Las naranjas vecinas le preguntaron a la naranja Lola – “Menudo recibimiento de bienvenida le da el campesino, ¿Para qué se moja el hueco?, ahora está con barro y nuestro nuevo vecino se va a manchar todo de lodo”.

La naranja Lola también sabía la respuesta en esta ocasión, muy amablemente les contestó – “No amigas, los árboles necesitan agua para vivir, cuando se plantan en otro sitio, los primeros días son muy delicados hasta que las raíces pueden crecer y tomar el agua del suelo, así que hay que ayudarles regando con más frecuencia que al resto de naranjos, por eso lo ha hecho el campesino.” – mandarinas, naranjas y limones que estaban escuchando quedaron tranquilos.

A mitad mañana regresó el campesino con otro cubo de agua, la azada y un pequeño árbol, sin duda era un cítrico por la forma de sus hojas y las ramas, pero la fruta nunca la habían visto. Era muy grande, más grande que la naranja Navel que era la más grande que vivía en el naranjo de Lola y por supuesto, más grande que una mandarina o un limón. Era de forma achatada, más parecida a la mandarina. Por último, observaron que era de color amarillo como el del limón. Tenían algunas cosas comunes con ellos, pero no era ninguno de ellos, ¿qué era entonces si no era naranja, mandarina o limón?
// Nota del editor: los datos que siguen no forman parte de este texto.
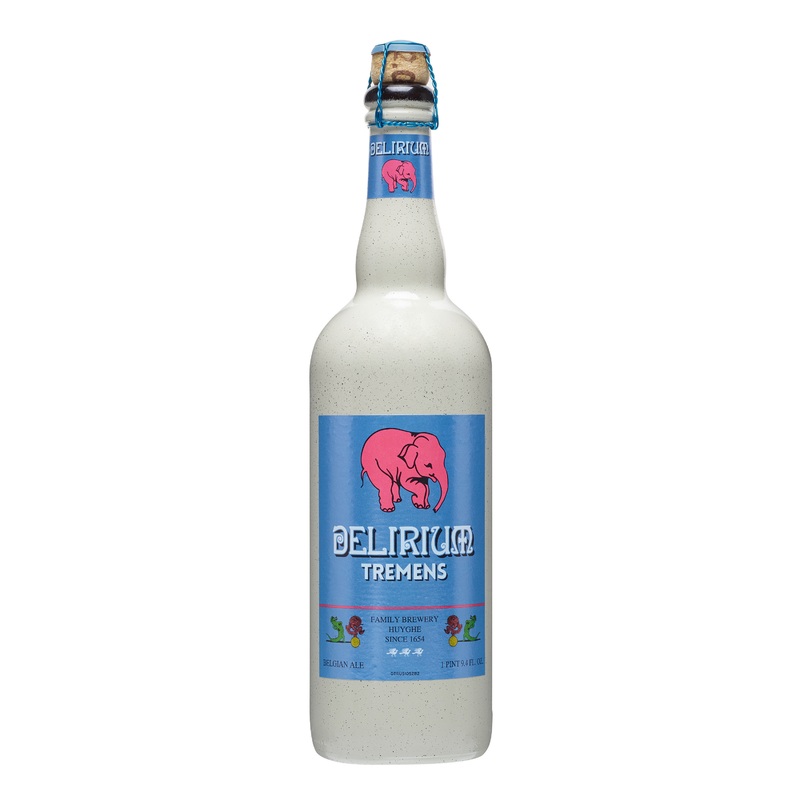Delirium Tremens Belgian Ale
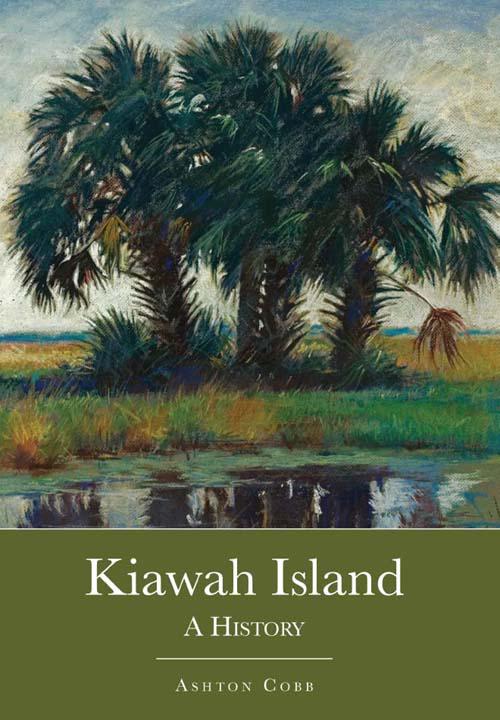 Kiawah Island, Brief History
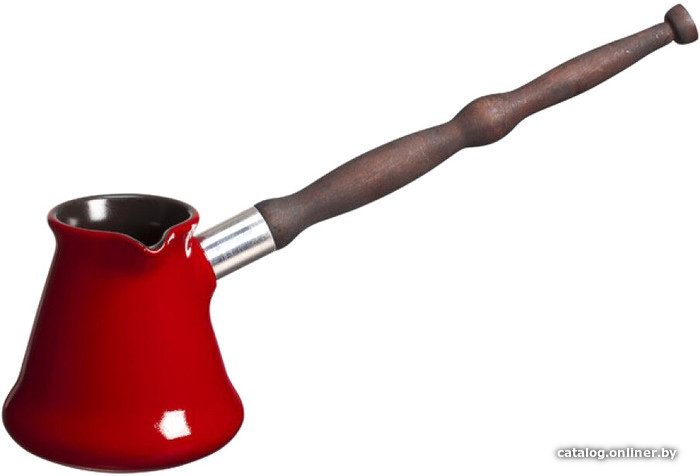 

Турка Ceraflame Ibriks D93161 (красный)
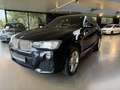 BMW X4 xDrive30d Aut. M-Sport*Panodak*Leder*Cam*Trekhaak Noir - thumbnail 4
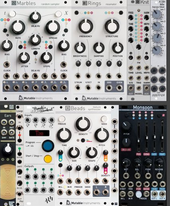 Main system
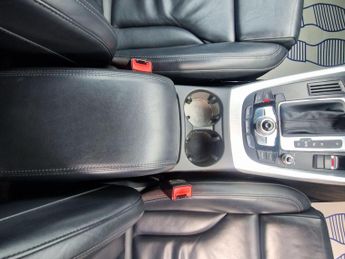 Audi Q5 2.0 TDI S line Plus S Tronic quattro Euro 5 (s/s) 5dr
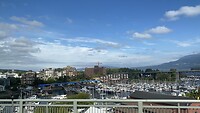 Afscheid van Vancouver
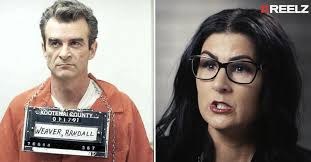 Survivor Of The Deadly Ruby Ridge Standoff Reveals New Eyewitness Details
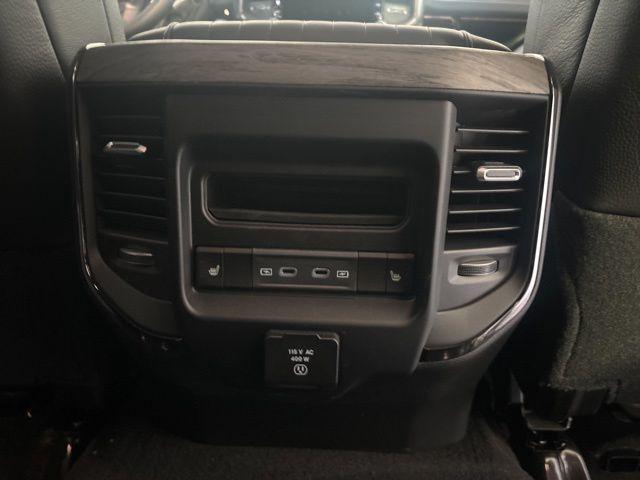 new 2026 Ram 3500 car, priced at $104,530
En esta ocasión, la naranja Lola estaba igual que sus compañeros cítricos, no sabía lo que era. Los demás, miraron a la naranja Lola y le dijeron en voz baja – ”psit psit, naranja Lola, pregúntale como se llama”.

La naranja Lola, preguntó – “Hola me llamo Lola, bienvenido a este hermoso campo de naranjos, ¿cómo te llamas?

Me llamo Pomelio”.- contestó la fruta.

Y… ¿qué clase de fruta eres?» – volvió a preguntarle la naranja Lola.

Pues soy un pomelo, dicen que a mucha gente no le gusto porque dicen que soy muy grande y amargo” – respondió con voz un tanto triste el pomelo.

¿Un pomelo?, pues he oído que estás lleno de salud, vitalidad y con muchos minerales y vitaminas” – dijo la naranja Lola.

Si yo soy muy bueno, pero la gente me ve tan grande que les asusto y no quieren jugar conmigo” –  afirmó Pomelio.

No te preocupes Pomelio, conmigo, todas los demás cítricos y en este huerto, seguro que te lo vas a pasar de cine. Además, el campesino que nos cuida es muy bueno” – afirmó con voz segura la naranja Lola.

¿De verdad?, ¿y siempre podré jugar con vosotros?” – consultó Pomelio.

Si, de verdad” – replicó la naranja Lola.

Y a partir de entonces, todos, todos, naranjas, mandarinas y limones, jugaron con el pomelo Pomelio, disfrutando del sol, del campo y de la brisa.